イベントではまず、経営戦略部長のスパンニカー・コーモンブン氏がTOGの沿革について「1951年にファミリービジネスとして創業した当社は、2006年にタイ証券取引所(SET)に上場。現在では約1,900人の従業員を擁し、国内最大級のメガネレンズメーカーに成長している。製造の約95%はOEMで、ポーランドと米国に物流拠点を持つなどグローバル展開にも力を入れている」と説明した。
また、製品の約95%は輸出されており、国内販売はわずか5%にとどまる。主な輸出先はアメリカ、次いでヨーロッパ、オーストラリアで、合計60カ国以上に供給しているという。こうした高い輸出比率を支えているのが、タイ国内の製造拠点でモールド製造からキャスト工程、切削、メガネへの組み立て、コーティングまでを完結する一貫体制だ。高効率な生産体制により、品質管理の徹底と柔軟な対応を両立しており、世界市場における競争力を築いている。

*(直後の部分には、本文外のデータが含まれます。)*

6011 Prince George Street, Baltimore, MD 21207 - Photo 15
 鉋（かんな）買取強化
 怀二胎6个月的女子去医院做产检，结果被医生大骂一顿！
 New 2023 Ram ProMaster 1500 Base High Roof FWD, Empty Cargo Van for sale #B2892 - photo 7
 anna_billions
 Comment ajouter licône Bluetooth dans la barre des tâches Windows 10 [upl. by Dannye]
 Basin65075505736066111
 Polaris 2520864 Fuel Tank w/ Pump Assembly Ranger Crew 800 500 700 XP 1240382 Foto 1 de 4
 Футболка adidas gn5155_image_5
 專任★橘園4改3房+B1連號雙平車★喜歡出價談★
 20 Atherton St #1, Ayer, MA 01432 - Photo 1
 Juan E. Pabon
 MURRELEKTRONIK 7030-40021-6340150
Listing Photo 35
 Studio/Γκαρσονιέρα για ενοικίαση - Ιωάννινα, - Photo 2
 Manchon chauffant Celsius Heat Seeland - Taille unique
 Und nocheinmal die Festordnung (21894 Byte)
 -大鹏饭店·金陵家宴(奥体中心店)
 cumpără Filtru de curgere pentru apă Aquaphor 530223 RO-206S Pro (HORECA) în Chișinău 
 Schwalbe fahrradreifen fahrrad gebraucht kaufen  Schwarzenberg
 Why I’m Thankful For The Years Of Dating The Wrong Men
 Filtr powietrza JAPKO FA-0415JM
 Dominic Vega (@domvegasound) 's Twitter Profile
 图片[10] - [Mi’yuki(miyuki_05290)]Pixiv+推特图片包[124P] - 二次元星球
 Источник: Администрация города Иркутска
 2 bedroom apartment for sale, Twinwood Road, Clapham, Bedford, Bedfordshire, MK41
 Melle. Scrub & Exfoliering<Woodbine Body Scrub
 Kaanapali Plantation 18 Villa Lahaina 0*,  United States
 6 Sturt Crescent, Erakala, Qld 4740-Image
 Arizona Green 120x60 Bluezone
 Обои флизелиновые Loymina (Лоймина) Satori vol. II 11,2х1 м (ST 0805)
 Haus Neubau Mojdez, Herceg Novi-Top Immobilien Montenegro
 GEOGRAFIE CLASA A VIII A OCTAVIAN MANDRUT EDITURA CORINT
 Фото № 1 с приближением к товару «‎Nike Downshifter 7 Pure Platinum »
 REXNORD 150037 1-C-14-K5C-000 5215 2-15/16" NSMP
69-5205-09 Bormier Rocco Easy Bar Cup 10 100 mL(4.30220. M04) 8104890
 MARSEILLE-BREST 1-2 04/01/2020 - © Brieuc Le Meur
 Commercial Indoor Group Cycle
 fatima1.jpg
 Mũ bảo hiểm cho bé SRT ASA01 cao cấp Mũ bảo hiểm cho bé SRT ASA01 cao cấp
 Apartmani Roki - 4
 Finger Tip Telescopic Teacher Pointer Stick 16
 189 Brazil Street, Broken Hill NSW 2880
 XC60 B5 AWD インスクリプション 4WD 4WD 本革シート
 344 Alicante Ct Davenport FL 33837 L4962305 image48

レンズ製品は大きく2つのカテゴリーに分かれる。一つは既製レンズで、通常のプラスチックレンズに加え、ブルーライトカットや紫外線で色が変わる調光レンズなど、高付加価値製品を含む。もう一つは、顧客の視力や用途に応じて個別に製造されるオーダーメイドレンズで、レンズカットからフレーム組み立てまでを対応する。
製造は2つの工場で行われており、一つは1日約17万枚、年間約5,000万枚の生産能力を持つキャスティング工場。もう一つが視察対象である「Rx Labs」で、約400人のスタッフが1日2万枚、年間約820万枚を製造する体制を整えている。2024年は2工場合わせて約4,000万枚を製造した。

最後にスパンニカー氏は、世界のメガネレンズ市場の将来性についても言及。「インドなどではまだメガネを入手できない人が多く、またアジアでは視力に課題を持つ子どもの割合が欧米より高い」と述べ、子ども向け視力保護レンズなど、新市場に向けた研究開発にも注力していることを紹介した。
参加者は最新の製造ラインを見学し、TOGの自動化技術や品質管理体制に触れた。また、説明会後には名刺交換・ネットワーキングも行われ、将来的な技術協力や共同開発に向けた対話が始まる場となった。